Task objective: Where an image appears, leave it out; otherwise repeat the data exactly.

Exercise inputs:
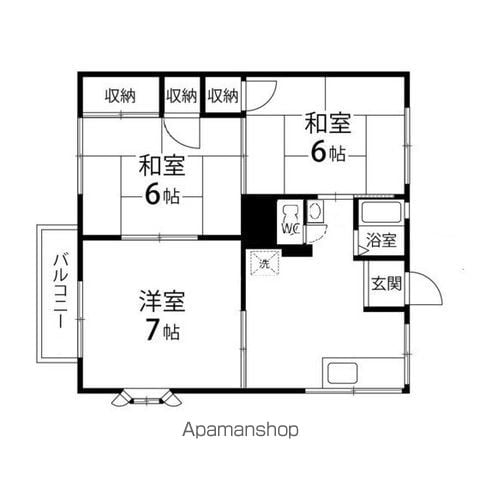 フレグランス南中山Aの間取り写真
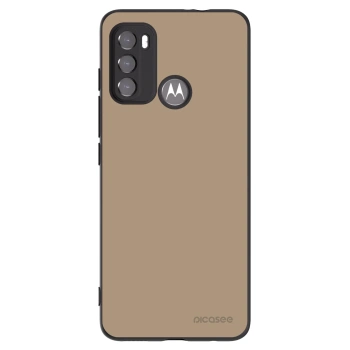 Picasee silikonowe czarne etui na Motorola Edge 60 5G - Soft Sand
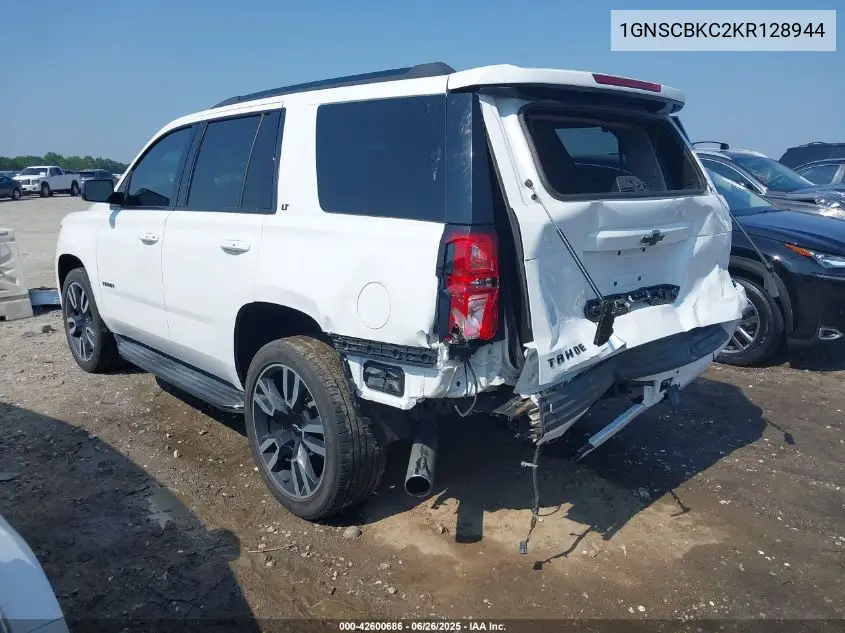 2019 Chevrolet Tahoe Lt VIN: 1GNSCBKC2KR128944 Lot: 42600686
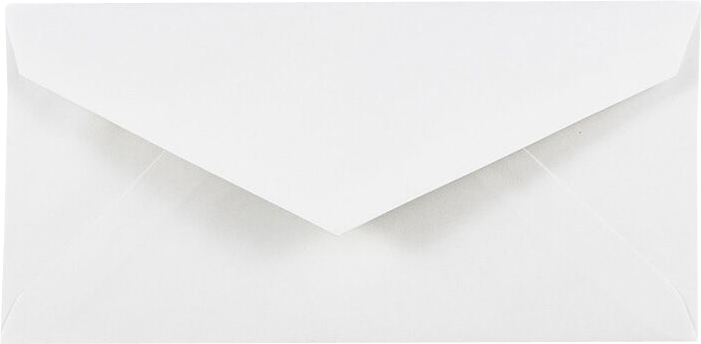 White 24lb #7 3/4 Monarch Envelopes (3 7/8 x 7 1/2)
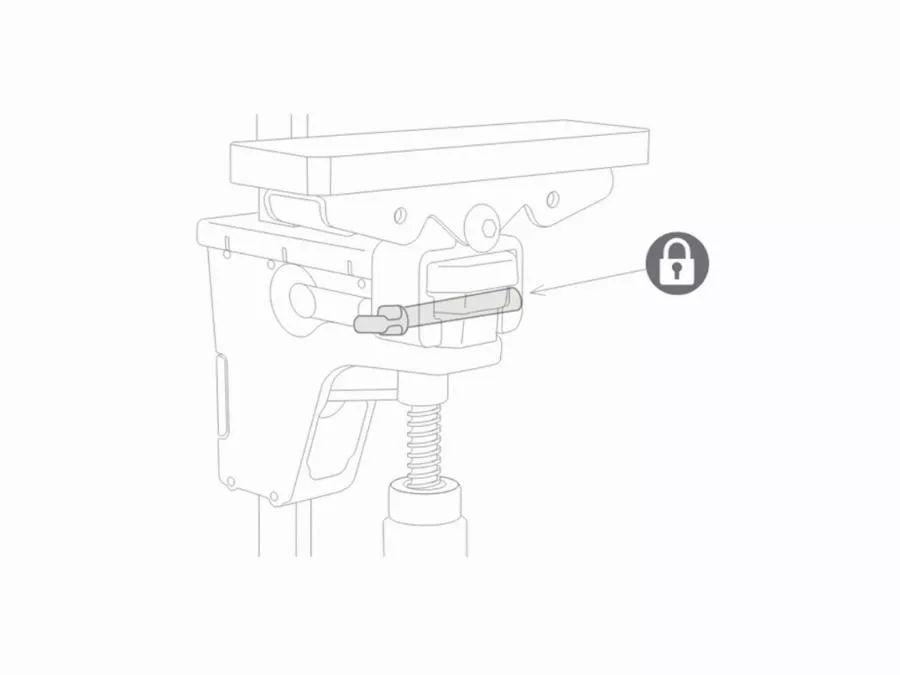 Set De 2 Patins Pivotants PIHER PRL 400 - 02602 4 Set De 2 Patins Pivotants PIHER PRL 400 - 02602 - Image 2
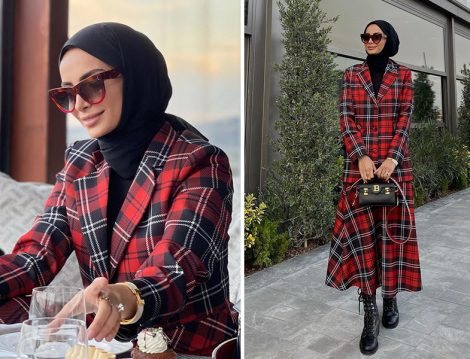 Atelier Pelin Yıldırım Ekose Takım - Betül Gedik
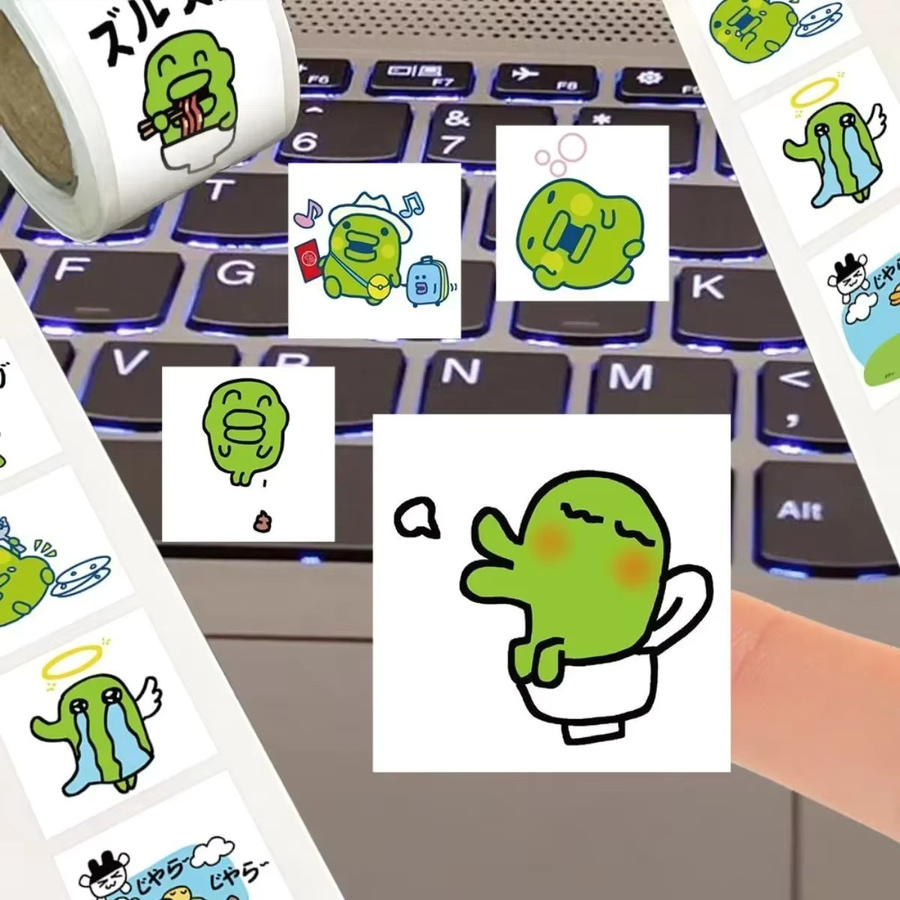 Bandai Großmaul-Jiji-Kleinkopf-Porträt-Aufkleber, 500 Stück - Bild 2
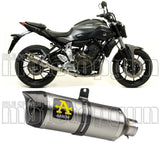 Terminale Di Scarico Con Omologazione Suono Thunder Titanio Carbonio - Arrow Special Parts Compatibile Con Yamaha Tracer 700 (2016-2019)
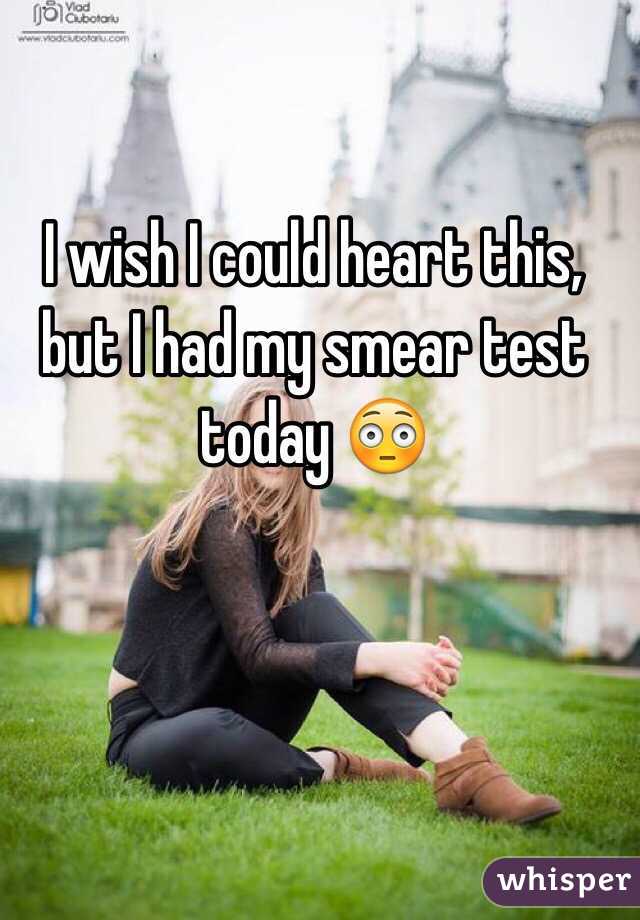 I wish I could heart this, but I had my smear test today 😳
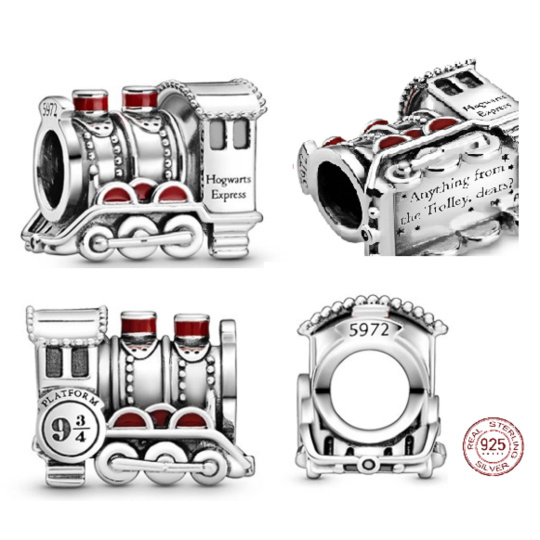 Charm Sterlingové stříbro 925 Harry Potter - Bradavický expres, korálek na náramek, film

Completed task:
 フレグランス南中山Aの間取り写真
 Picasee silikonowe czarne etui na Motorola Edge 60 5G - Soft Sand
 2019 Chevrolet Tahoe Lt VIN: 1GNSCBKC2KR128944 Lot: 42600686
 White 24lb #7 3/4 Monarch Envelopes (3 7/8 x 7 1/2)
 Set De 2 Patins Pivotants PIHER PRL 400 - 02602 4 Set De 2 Patins Pivotants PIHER PRL 400 - 02602 - Image 2
 Atelier Pelin Yıldırım Ekose Takım - Betül Gedik
 Bandai Großmaul-Jiji-Kleinkopf-Porträt-Aufkleber, 500 Stück - Bild 2
 Terminale Di Scarico Con Omologazione Suono Thunder Titanio Carbonio - Arrow Special Parts Compatibile Con Yamaha Tracer 700 (2016-2019)
 I wish I could heart this, but I had my smear test today 😳
 Charm Sterlingové stříbro 925 Harry Potter - Bradavický expres, korálek na náramek, film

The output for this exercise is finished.